■ **Problem details**
Skip the pictures. Transcribe the rest of the data below without changing a word.

■ **Data**
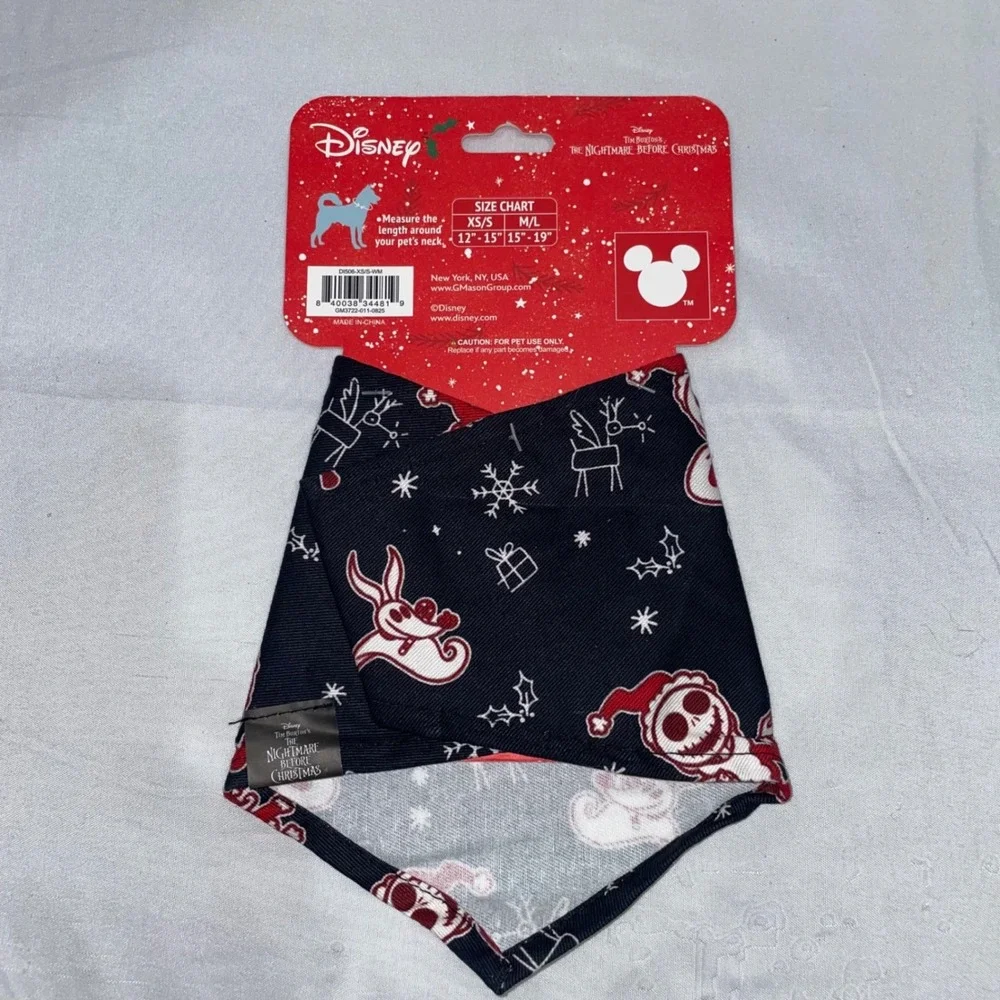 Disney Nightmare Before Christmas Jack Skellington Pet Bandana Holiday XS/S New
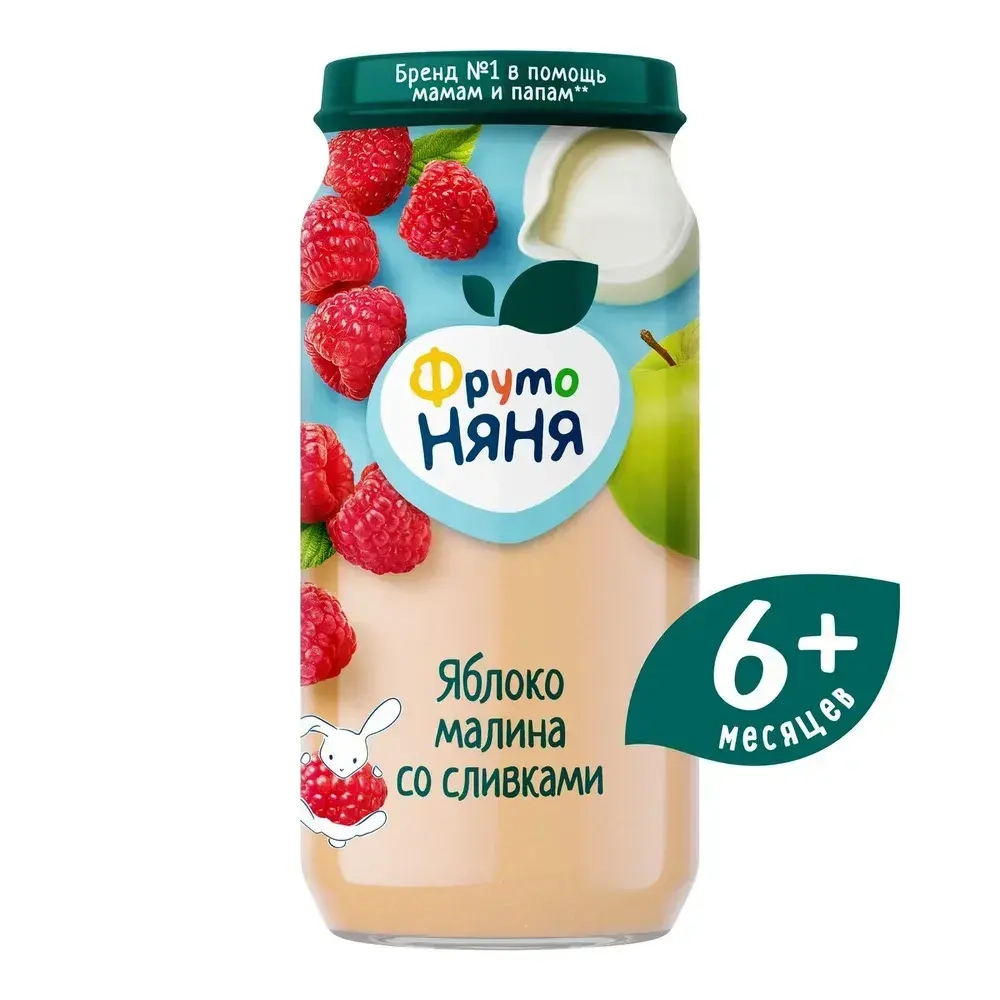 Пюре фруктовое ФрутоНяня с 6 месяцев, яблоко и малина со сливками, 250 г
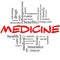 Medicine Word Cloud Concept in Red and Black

■ **Solved exercise**
 Disney Nightmare Before Christmas Jack Skellington Pet Bandana Holiday XS/S New
 Пюре фруктовое ФрутоНяня с 6 месяцев, яблоко и малина со сливками, 250 г
 Medicine Word Cloud Concept in Red and Black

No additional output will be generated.